Segment Start: Available data
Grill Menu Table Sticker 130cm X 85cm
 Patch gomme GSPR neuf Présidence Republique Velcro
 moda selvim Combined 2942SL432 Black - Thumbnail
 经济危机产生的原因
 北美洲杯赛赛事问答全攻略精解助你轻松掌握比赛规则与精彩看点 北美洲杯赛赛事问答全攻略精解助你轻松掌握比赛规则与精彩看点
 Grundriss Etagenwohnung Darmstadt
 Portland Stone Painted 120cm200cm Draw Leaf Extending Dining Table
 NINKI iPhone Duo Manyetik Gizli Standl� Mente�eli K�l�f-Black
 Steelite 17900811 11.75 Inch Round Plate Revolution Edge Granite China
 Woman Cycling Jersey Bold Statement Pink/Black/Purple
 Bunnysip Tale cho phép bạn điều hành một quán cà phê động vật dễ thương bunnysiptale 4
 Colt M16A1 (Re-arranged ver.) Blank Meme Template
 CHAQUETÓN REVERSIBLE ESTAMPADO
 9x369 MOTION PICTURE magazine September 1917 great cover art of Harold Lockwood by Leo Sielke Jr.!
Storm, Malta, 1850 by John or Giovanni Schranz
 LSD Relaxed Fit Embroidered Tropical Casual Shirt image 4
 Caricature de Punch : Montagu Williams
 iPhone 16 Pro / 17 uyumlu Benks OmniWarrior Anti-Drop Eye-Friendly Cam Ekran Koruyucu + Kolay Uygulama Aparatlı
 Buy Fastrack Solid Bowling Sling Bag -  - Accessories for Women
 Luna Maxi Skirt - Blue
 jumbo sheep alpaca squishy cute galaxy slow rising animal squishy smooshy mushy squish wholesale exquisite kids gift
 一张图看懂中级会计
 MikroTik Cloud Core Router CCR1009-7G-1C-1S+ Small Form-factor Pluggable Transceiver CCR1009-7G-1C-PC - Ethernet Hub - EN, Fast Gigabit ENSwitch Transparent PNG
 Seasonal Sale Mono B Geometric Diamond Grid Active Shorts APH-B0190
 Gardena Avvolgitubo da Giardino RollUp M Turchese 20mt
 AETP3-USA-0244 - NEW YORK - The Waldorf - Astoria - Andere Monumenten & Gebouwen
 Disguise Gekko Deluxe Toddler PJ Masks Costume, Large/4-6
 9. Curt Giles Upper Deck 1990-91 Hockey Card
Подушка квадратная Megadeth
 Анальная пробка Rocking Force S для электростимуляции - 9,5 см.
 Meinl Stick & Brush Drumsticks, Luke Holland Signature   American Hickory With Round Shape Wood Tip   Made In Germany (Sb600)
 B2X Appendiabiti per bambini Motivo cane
Segment End: Available data
[What you have to do]
When a line of the records holds the word "iPhone", copy that line.

[Exercise solution]
 NINKI iPhone Duo Manyetik Gizli Standl� Mente�eli K�l�f-Black
 iPhone 16 Pro / 17 uyumlu Benks OmniWarrior Anti-Drop Eye-Friendly Cam Ekran Koruyucu + Kolay Uygulama Aparatlı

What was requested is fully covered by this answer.